This year, due to ongoing travel restrictions, I wasn’t able to attend the 2023 6th World Yijing Summit Forum in person. I’ve been to this conference twice before, both times in the Chinese city of Wuxi, and it has been both stimulating and fun. This year, although I was not able to be there in person, I was delighted to get an invitation to take part, so that I could participate again, even if from afar. And I’m delighted to say that my paper “Death, Life, Mourning, Nourishing” was awarded first prize.
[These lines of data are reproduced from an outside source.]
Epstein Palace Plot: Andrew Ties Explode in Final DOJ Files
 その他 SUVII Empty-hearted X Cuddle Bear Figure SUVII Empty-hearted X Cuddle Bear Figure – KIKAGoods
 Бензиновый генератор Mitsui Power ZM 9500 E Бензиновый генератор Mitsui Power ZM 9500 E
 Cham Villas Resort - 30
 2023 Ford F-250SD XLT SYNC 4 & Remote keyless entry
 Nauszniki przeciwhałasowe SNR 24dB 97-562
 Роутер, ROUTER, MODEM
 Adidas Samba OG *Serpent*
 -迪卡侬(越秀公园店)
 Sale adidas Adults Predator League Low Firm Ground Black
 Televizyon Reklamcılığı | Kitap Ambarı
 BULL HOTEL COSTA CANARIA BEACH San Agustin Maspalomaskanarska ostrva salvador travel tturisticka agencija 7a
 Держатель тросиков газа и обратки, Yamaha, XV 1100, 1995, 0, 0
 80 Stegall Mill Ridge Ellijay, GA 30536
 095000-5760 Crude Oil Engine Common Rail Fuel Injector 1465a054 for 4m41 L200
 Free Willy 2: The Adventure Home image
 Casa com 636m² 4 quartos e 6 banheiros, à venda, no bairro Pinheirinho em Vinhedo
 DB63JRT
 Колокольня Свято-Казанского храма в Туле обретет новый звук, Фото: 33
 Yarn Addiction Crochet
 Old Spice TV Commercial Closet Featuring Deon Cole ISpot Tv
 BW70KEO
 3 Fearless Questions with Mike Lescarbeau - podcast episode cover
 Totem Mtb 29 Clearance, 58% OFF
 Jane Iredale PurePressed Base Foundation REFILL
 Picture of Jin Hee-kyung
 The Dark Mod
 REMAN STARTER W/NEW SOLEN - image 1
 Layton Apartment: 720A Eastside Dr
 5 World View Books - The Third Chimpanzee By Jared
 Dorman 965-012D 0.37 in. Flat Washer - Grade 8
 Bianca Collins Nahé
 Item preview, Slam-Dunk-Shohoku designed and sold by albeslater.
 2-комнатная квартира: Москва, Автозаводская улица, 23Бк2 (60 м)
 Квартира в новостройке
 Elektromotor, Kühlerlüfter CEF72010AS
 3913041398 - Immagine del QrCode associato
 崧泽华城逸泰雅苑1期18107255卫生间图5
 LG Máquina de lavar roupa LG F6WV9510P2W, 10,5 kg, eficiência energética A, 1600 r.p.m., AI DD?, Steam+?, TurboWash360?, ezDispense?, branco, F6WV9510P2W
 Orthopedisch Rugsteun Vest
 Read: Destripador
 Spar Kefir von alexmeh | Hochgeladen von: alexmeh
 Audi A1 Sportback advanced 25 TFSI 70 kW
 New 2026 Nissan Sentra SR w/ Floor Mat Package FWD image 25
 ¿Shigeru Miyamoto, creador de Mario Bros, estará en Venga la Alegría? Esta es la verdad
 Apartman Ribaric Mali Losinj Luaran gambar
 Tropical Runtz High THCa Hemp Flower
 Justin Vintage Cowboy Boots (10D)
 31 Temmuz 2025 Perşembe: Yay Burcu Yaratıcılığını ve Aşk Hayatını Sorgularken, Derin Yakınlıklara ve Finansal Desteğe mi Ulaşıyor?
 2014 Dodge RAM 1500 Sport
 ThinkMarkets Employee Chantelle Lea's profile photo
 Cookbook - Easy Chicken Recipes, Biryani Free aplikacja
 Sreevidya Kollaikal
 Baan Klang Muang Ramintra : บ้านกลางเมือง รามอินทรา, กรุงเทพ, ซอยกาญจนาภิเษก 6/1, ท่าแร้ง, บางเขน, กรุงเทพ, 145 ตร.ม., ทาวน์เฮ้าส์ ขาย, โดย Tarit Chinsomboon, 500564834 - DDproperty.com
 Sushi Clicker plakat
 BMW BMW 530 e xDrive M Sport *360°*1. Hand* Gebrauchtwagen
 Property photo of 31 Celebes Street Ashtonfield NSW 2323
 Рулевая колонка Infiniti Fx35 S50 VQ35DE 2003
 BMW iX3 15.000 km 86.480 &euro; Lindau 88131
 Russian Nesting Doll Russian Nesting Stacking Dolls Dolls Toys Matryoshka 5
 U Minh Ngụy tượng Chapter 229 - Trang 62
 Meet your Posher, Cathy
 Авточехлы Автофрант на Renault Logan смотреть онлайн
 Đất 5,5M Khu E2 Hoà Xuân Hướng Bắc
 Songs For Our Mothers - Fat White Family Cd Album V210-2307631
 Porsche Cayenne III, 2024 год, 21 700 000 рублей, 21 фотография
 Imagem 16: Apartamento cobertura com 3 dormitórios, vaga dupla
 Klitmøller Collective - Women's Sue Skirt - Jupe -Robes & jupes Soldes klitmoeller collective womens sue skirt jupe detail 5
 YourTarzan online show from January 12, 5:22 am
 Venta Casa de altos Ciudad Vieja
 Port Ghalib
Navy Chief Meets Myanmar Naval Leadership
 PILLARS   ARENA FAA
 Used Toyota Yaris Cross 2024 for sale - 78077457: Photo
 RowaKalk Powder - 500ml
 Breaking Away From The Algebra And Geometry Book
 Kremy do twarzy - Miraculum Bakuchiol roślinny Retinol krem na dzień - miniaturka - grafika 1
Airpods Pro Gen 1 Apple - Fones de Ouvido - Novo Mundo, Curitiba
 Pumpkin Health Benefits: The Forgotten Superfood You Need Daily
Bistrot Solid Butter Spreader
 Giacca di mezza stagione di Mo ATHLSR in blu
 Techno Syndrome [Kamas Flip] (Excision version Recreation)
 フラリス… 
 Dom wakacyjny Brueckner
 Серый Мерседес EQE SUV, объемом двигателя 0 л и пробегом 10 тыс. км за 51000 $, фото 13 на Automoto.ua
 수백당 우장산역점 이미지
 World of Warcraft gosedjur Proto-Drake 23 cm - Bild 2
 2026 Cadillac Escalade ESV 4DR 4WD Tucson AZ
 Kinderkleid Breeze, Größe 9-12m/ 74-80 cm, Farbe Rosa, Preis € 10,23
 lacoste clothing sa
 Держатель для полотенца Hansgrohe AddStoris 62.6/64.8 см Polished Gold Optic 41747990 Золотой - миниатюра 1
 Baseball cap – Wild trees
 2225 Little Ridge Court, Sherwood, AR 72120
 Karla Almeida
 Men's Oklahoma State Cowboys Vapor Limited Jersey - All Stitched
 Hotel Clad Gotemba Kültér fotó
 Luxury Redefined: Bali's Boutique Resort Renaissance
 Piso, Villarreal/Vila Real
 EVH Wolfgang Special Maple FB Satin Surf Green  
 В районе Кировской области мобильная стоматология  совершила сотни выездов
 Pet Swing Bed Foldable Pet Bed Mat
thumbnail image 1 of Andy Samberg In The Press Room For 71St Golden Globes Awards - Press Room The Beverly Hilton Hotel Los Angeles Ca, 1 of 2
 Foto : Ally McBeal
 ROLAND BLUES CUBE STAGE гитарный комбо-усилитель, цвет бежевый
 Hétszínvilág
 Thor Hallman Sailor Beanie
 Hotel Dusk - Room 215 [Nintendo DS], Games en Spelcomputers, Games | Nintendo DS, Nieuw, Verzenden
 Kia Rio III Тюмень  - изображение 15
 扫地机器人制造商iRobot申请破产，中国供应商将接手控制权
The paper starts with the fable of Bede’s Sparrow as an image of life’s brevity. It is a persuasive fable, but I argue that it leads us astray, towards philosophical conclusions that are neither necessary nor helpful. So in this article, I trace four terms — death 死, life 生, mourning 衰, and nourishing 養 — through the text of the Yijing, and through later Chinese philosophy, to set out a different approach to some deep and enduring philosophical questions about life and death.
I may publish a version of the paper here in the next couple of months, once I have had a chance to tidy it up (and once I have got hold of the Chinese version of my paper as well). As for next year’s conference, I’m hoping I’ll be able to attend again in person, to catch up with some old friends, as well as to make new ones.
Image: 仙萼長春冊》紫藤稷穗圖 c.1730. Via Wikimedia Commons.